**INFORMATION SHOWN:**

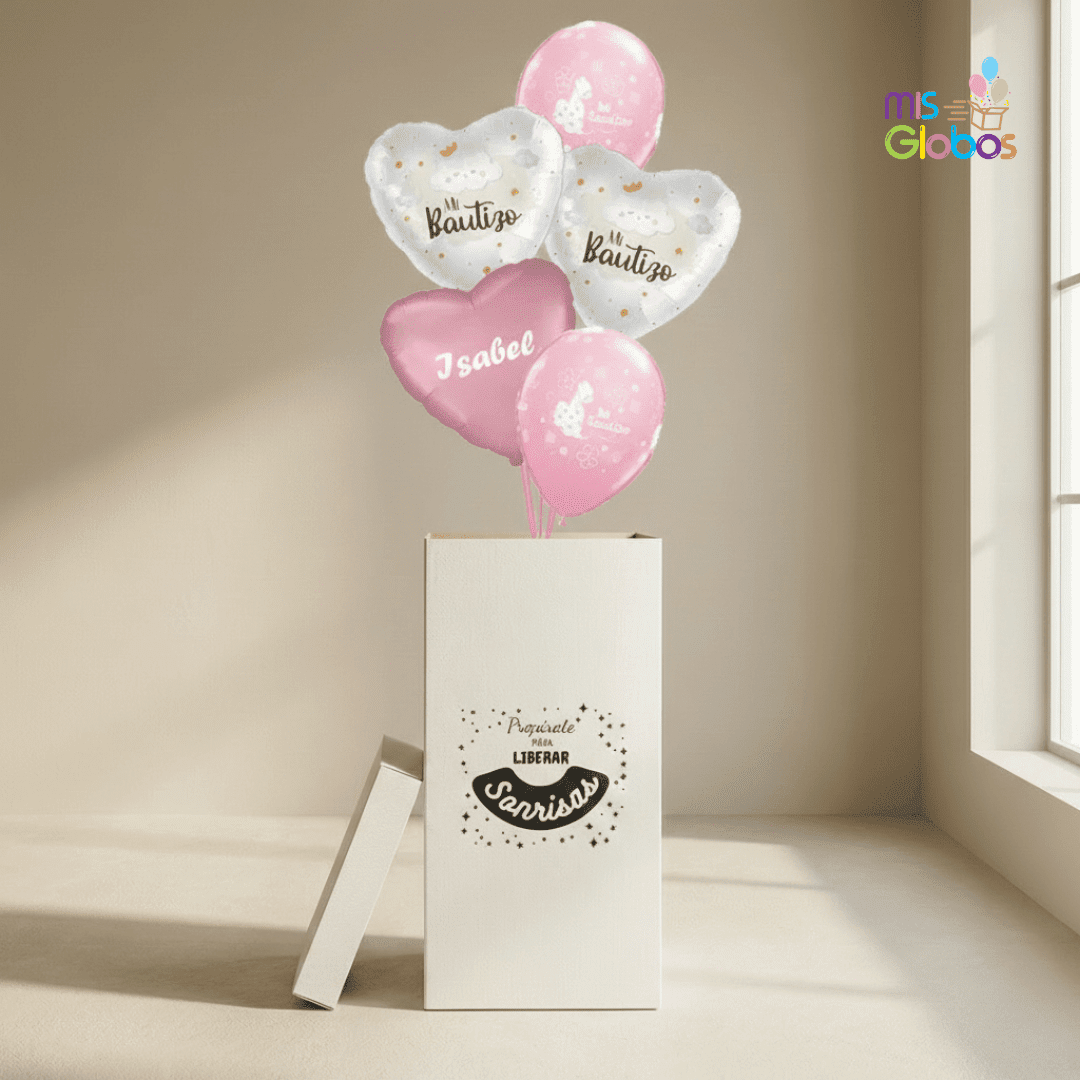 Caja GloBOOM Bautizo rosa corazón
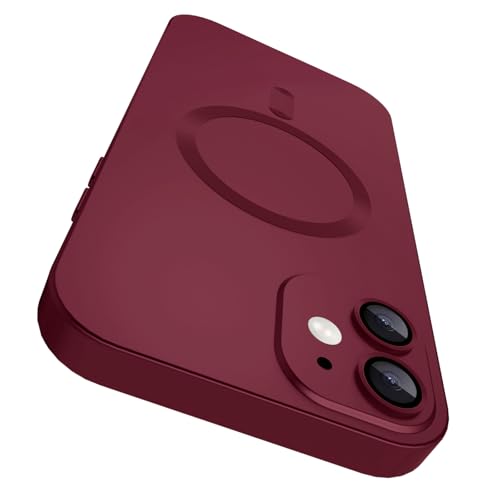 VCGFJD Magnetische Schutzhülle für iPhone 12 mit Kameraobjektivschutz, matt-metallischer Glanz schlank weich TPU-Stoßdämpfer stoßfeste Handyhülle für iPhone 12, Weinrote VCGFJD Magnetische Schutzhülle für iPhone 12 mit Kameraobjektivschutz, matt-metallischer Glanz schlank weich TPU-Stoßdämpfer stoßfeste Handyhülle für iPhone 12, Weinrote von VCGFJD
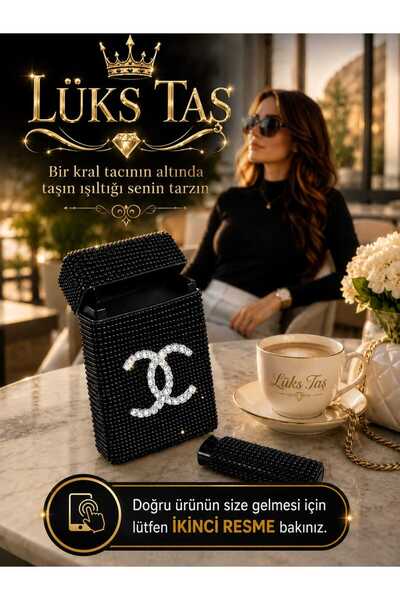 Lüks Taş Taşlı Sigara Kutusu & Çakmak ( Kısa Kalın)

**WORK TASK:** Set down the material above as is, without any pictures.

**YOUR RESPONSE:**
 Caja GloBOOM Bautizo rosa corazón
 VCGFJD Magnetische Schutzhülle für iPhone 12 mit Kameraobjektivschutz, matt-metallischer Glanz schlank weich TPU-Stoßdämpfer stoßfeste Handyhülle für iPhone 12, Weinrote VCGFJD Magnetische Schutzhülle für iPhone 12 mit Kameraobjektivschutz, matt-metallischer Glanz schlank weich TPU-Stoßdämpfer stoßfeste Handyhülle für iPhone 12, Weinrote von VCGFJD
 Lüks Taş Taşlı Sigara Kutusu & Çakmak ( Kısa Kalın)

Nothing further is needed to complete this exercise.